18. Here’s more of a warning about making money, that I see so many of my favorite comics doing anyway. Don’t make t-shirts! YOU ARE NOT A T-SHIRT SALESMAN, you are a wannabe cartoonist! If you start making t-shirts (or any product) off of your work, soon you’ll be making comics based specifically around the merchandise, and that’s when you’ve really sold out. Keep your integrity, in this case, it’s better than tainted funds.

19. Speaking of what you shouldn’t do, DON’T LINK TO/ACKNOWLEDGE OTHER WEBCOMICS! You are not advertising for them, at least not for free! Let them buy space on your site like everyone else, if they must. But remember, readers can only read so many comics on the internet. You don’t want to link them to one that they replace you with, do you? Of course not!

20. Finally, some closing words. DON’T TRY ANYTHING TOO CRAZY. There are times and places to experiment with new things, and let’s face it, the internet is not on that list. The internet is some serious business, not your personal playground for silly little comics experiments. Stick to what you know for webcomics, and don’t be afraid to stay with the good old basic black and white three panel gag a day format, just like in newspapers. It’s worked for them for over a hundred years, it can work for you too. Comics are meant to entertain, as well as make money for their creators, and it’s extremely important that you remember one thing: comics are not art. Pretend all you want, but that’s the happy fact that has kept us going so far. Don’t try and change it now!

Well, that’s about all I’ve got to say on webcomics, though maybe if I collect more tips I’ll have enough to make another one of these! I hope it really helped. Good luck on your endeavors, and remember to keep your day job!

About these ads

July 3, 2009. Articles, Humor, Webcomics.

54 Comments

  1. Flash replied:

    Perfect!

    • starrydreamsky replied:

      Thank you so much I’m making a web comic this helped so much, can I ask you a question, what are mostly interesting about web comics? :)

  2. The Joy of Webcomics can’t find a cure for the summertime blues « The Webcomic Overlook replied:

    [...] offering tips for webcomic newbies! One of them is Hey! Look! Comics!, that offers 20 free tips for webcomic beginners. Use a blaring, ugly background, so your reader’s eyes get diverted to and stay on the comic! If [...]

  3. Dajs replied:

    Haha! I hope people don’t take this seriously, but it’s a good way to point out the status quo of the today’s webcomic scene, I’ve seen all these things done, and yeah, it can be annoying, ‘specially begging for donations.

  4. Mick Collins replied:

    Where’s #17?

  5. Bengo replied:

    This is the worst list of its kind I have ever seen. Which is a shame, because it seems well-intentioned.

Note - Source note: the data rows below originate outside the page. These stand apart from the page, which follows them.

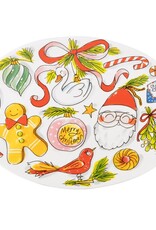 Blond Amsterdam Ovaal Bord 29cm Kerst - Blond Amsterdam
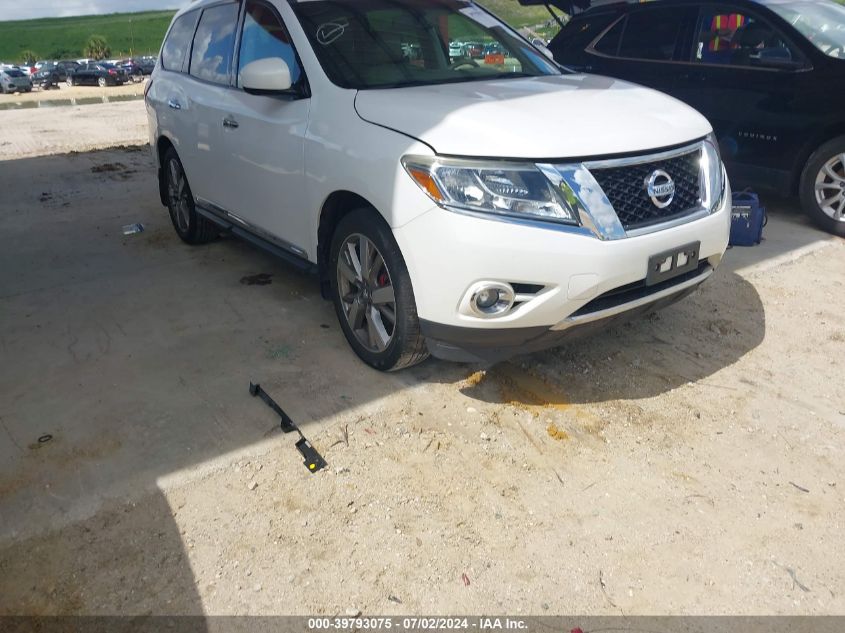 2013 NISSAN PATHFINDER PLATINUM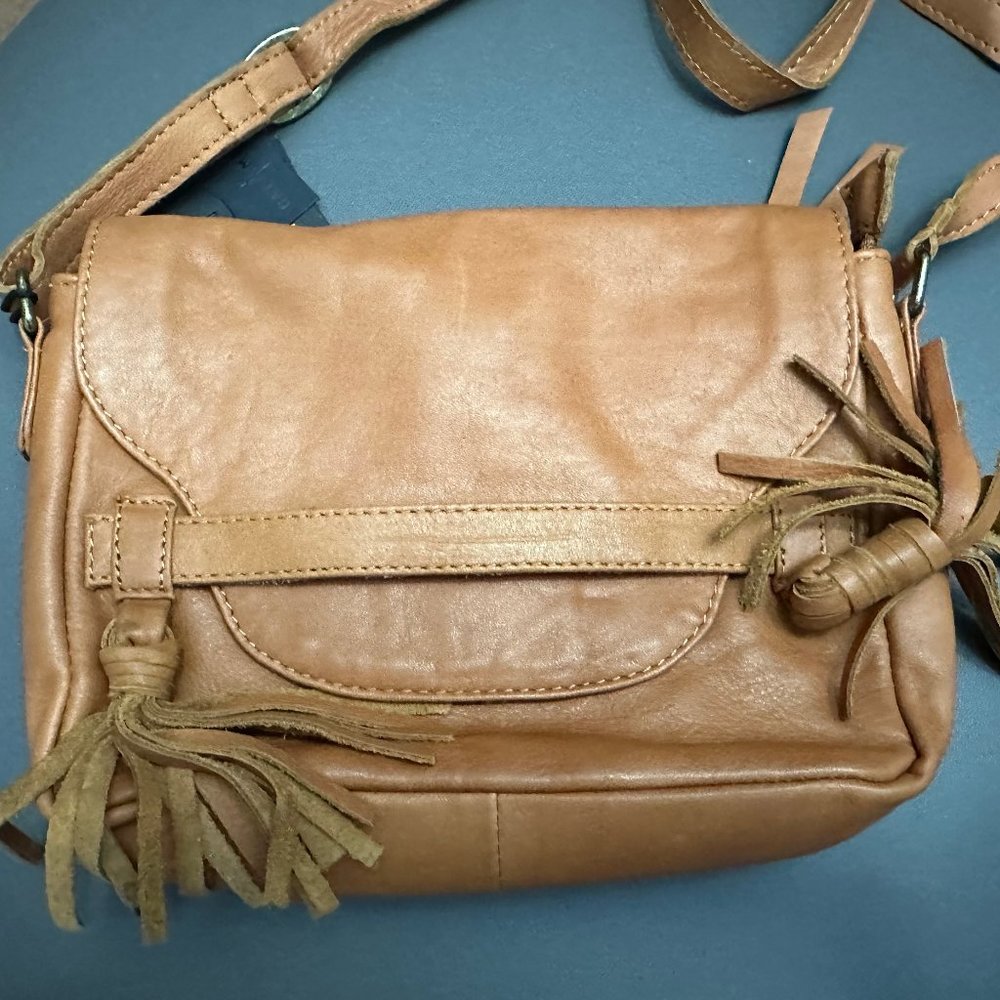 Still Nordic Day & Mood Cognac Crossbody - Genuine Leather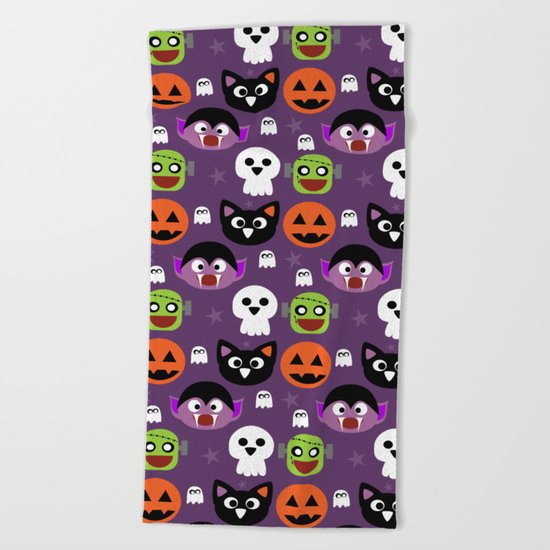 Halloween friends Beach Towel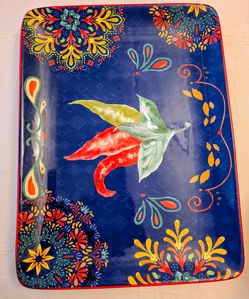 Large serving plate new 16x12 in
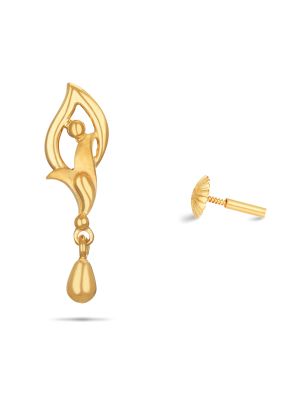 Elegant Floral Gold Earring-hover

    Do you know anything at all about comics, or the business of comics? So much of your offering is exactly backward or relentlessly ignorant that it represents a new low, long after I thought I had seen it all.

    • indigootter replied:

      Seriously? You consider yourself a writer and are unable to recognize sarca… OH! Hah! Good one.

    • Carly replied:

      lolstupid. it’s a joke. maybe the internet is serious fucking buisness.

  6. Mike replied:

    Advice we should all take to heart. It’s only a shame more people can’t appreciate these words of wisdom. I shall link to this valuable resource as soon as possible and tell all my friends so they may benefit also. Thank you Jason from everybody in ‘webcomics’.

  7. Bengo replied:

    OK, this went right over my head. Two people kindly wrote me and underscored your sarcastic tone. I had completely misread your article.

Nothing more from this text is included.